The red bar is because this method is poorly defined in
SchobbesFrontEndFactory
:
public Parser createParser(TokenStream tokens) { return new SchobbesParser(tokens); }
Replace the method, and still red bar.
That's because the production still says this:
program : 'hey' EOF ;
This rule says that a program
consists of the text
hey
followed by the end-of-file. You could
replace 'hey'
with '5'
, but then it won't
be tagged as an INTEGER
. Instead, use
INTEGER
itself, replacing 'hey'
.
Replace 'hey'
with INTEGER
. Red
bar.
The error message you'll get won't be of much help. The problem
is that as written, you're actually returning two ASTs:
the INTEGER
and the EOF
. You
don't need that end-of-file indicator any more, so tell ANTLR to
ignore it with the !
operator.
Replace EOF
with EOF!
in the
program
rule. Green bar.
Run the CIAT tests. Red bar.
The problem is now the TIR builder.
The TIR Builder
The CIAT test should give you a null-pointer exception. This is
because the SchobbesTIRBuilder
returns
null
by default. The first step (as always) is to get
a failing unit test.
Create an ANTLRTester
instance variable and setup
method in SchobbesTIRBuilderTest
as you did for the
two other test classes. Create a test method
shouldBuildIntegerTIR()
.
Here's an assertion:
assertEquals( new IntegerETIR(5), myTester.scanInput("5").parseAs("program").treeParseAs("program") );
The use of myTester
is the same as before.
ANTLRTester
objects use a fluent
interface to do the heavy lifting and stay readable. This
time you can use the standard assertEquals()
because
the tree builder returns real objects that you want to manipulate
in Java. In this case, you're getting back an
IntegerETIR
.
Add this assertion. Red bar.
The failure is this missing implementation:
public TreeParser createTreeParser(Tree ast) { return new SchobbesTIRBuilder(new CommonTreeNodeStream(ast)); }
Replace this method in SchobbesFrontEndFactory
. Red
bar.
Now the failure is due to the TIR builder itself. You have this one rule:
program returns [ExpressionTIR tir] : ;
The [ExpressionTIR tir]
specifies what data you're
going to return from this rule. (You can, in fact, return more than
one thing.) You need to make Java declarations in the square
brackets, so this is saying you have a Java variable
tir
to assign a value to.
But first, you have to recognize an integer. Here in this tree parser, an integer still goes by the same name!

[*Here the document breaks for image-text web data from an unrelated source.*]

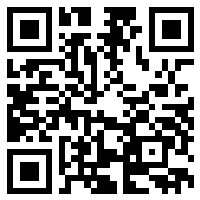 QR Code for 1QJcUDL3Em2N6X4Xt5gqZkBqu98bHMFUJD
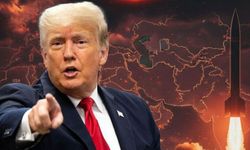 Trump’tan İran’a sert mesaj: “Çok daha ağır vurulacak”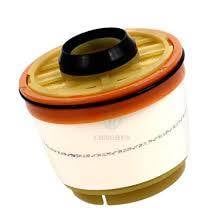 TOYOTA INNOVA-FORTUNER-HIACE-HILUX 2005-2015 FUEL FILTER 23390-YZZA1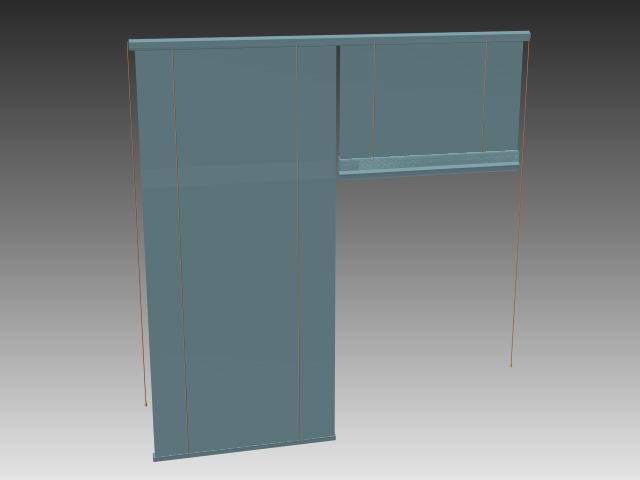 Download FREE 3D Models!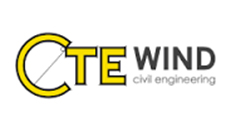 CTE Wind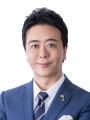 「福岡市企業誘致セミナー in 東京」2026年7月9日開催 「福岡市企業誘致セミナー in 東京」2026年7月9日開催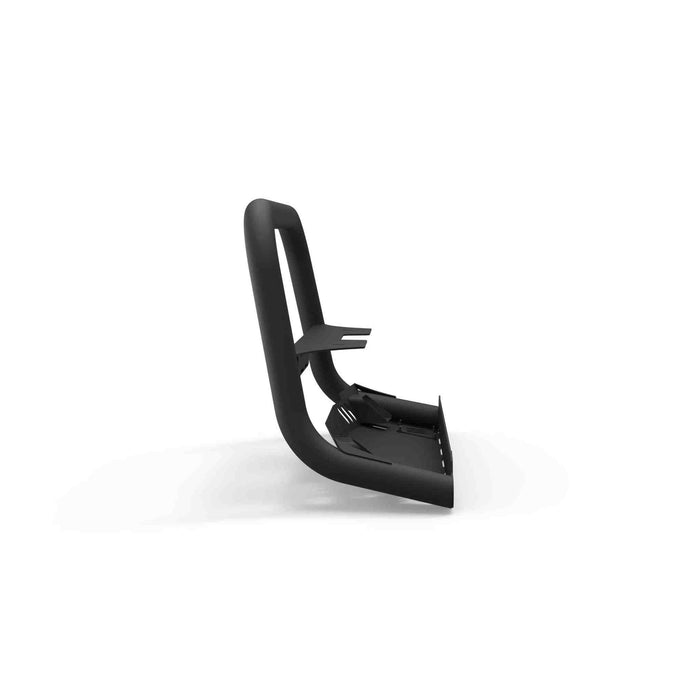 Flatline Van Co. | Sprinter Van Bull Bar
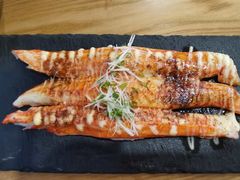 -赤稻·日式料理(禅城店)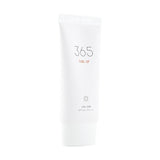 كريم واقي ROUND LAB 365 Toneup، SPF50+ PA++++، 1.69 أونصة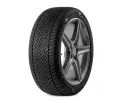 CrossWind Grip Peak 4S 185/65R15 88H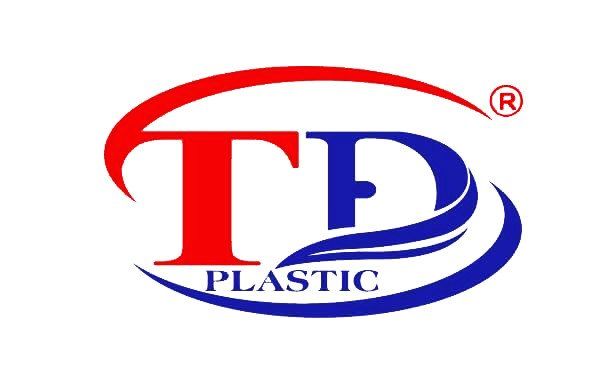 CÔNG TY CỔ PHẦN NHỰA TIẾN ĐỨC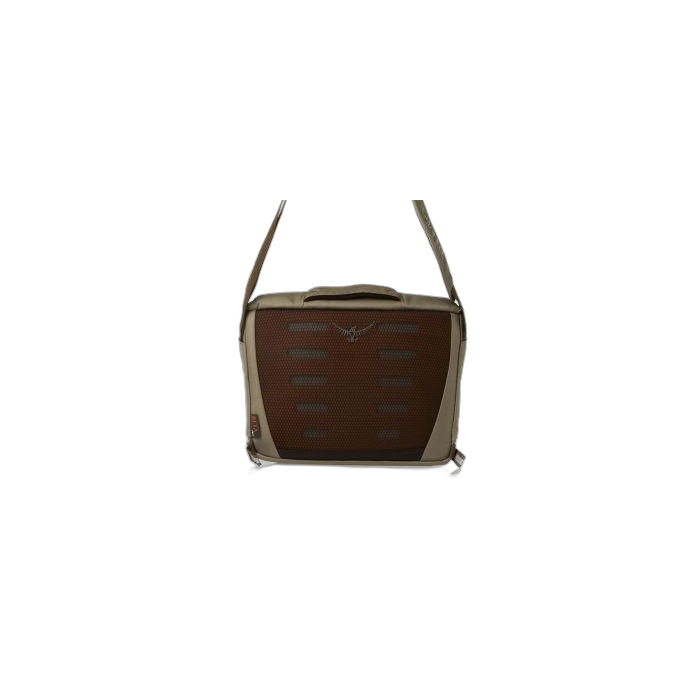 Torba OSPREY Beta Port 12 /  beżowy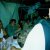 CGIL Incontri � edizione 1996-2002
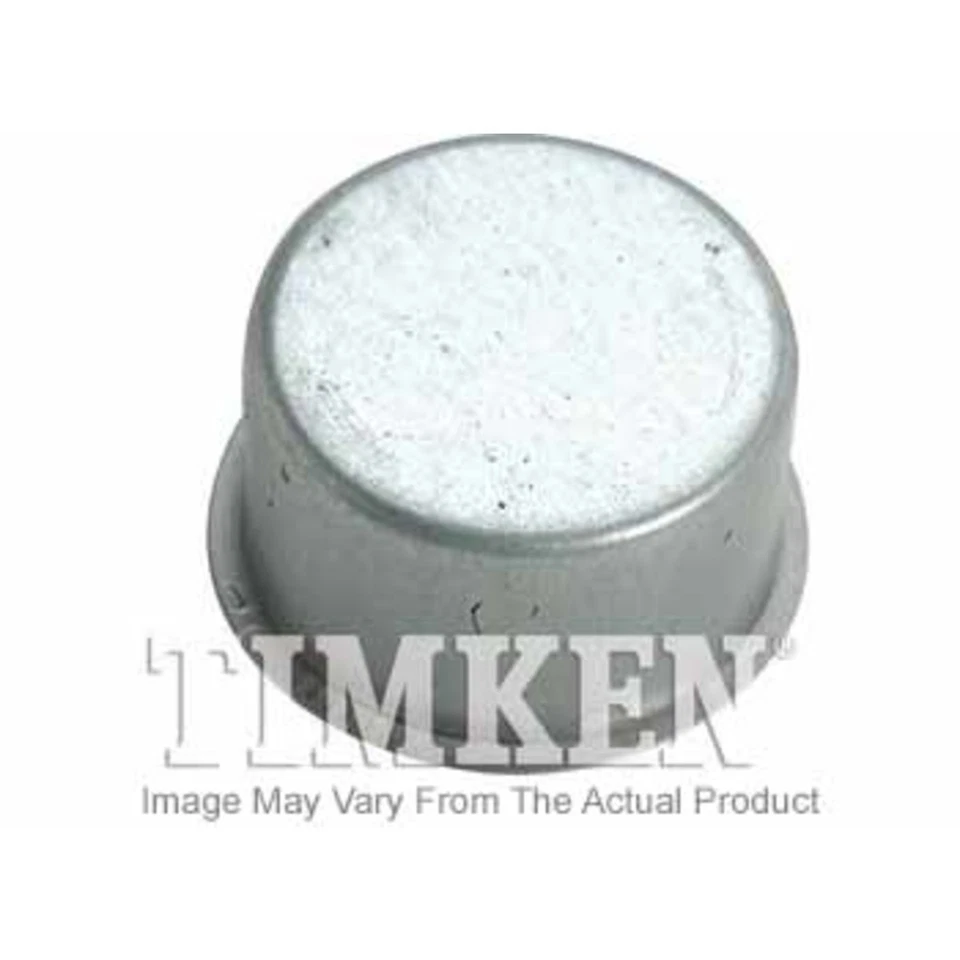 KWK99187 Timken Repair Sleeve Front or Rear for Chevy E350 Van Suburban Yukon - Image 1 of 1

program returns [ExpressionTIR tir] : INTEGER ;
Modify the rule in the TIR builder. Red bar, same reason.
Keep in mind that program
rule returns a TIR only
if you put one in tir
. As you saw in the rule for
WHITESPACE
, you can add Java code in curly braces at
the end of a rule. For WHITESPACE
, you had to know
that skip()
was a method you could call freely. Here,
you just need to know that you should assign a value to
tir
. What you assign to it can be any valid Java
expression.
program returns [ExpressionTIR tir] : INTEGER { tir = new IntegerETIR(5); } ;
Seems a bit like cheating... But the tests should be fine!
Add this Java code to the program
rule. Green
bar.
And the kicker:
Run the CIAT tests. They all pass!
Deep Breath
There's a lot going on in this iteration, and you don't have much you can show off for it. You have a lot of new code, but it has a really limited audience. You have, however, set up quite a few things for future iterations that will make them a bit easier.
Whatever shortcuts you've taken so far (like hardcoding a 5 in the TIR builder) will be fixed as you push through the story that motivated this work.